## [Task directions]
In the entries below, count every line with the string "Photo". State the count and nothing else.

## [Records for the task]
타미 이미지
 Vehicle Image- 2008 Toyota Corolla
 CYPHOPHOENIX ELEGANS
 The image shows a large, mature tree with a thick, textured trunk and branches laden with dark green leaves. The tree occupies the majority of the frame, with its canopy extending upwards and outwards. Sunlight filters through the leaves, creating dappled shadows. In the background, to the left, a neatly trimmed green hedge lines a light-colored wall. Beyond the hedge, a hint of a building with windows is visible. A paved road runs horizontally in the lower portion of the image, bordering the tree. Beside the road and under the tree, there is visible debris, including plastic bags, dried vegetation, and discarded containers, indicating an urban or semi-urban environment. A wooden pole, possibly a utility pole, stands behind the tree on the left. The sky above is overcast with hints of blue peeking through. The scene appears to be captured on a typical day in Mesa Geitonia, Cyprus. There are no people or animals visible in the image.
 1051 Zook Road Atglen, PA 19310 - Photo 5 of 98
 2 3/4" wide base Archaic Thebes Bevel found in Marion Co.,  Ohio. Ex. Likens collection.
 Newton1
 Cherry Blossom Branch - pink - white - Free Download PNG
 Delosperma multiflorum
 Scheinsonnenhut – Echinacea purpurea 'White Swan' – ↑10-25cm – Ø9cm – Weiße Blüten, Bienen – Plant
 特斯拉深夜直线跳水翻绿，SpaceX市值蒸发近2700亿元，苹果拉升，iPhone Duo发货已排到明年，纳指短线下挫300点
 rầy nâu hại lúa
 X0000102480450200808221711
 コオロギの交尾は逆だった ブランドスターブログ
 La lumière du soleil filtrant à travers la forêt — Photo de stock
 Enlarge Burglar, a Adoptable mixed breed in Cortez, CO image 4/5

## [Solution below]
2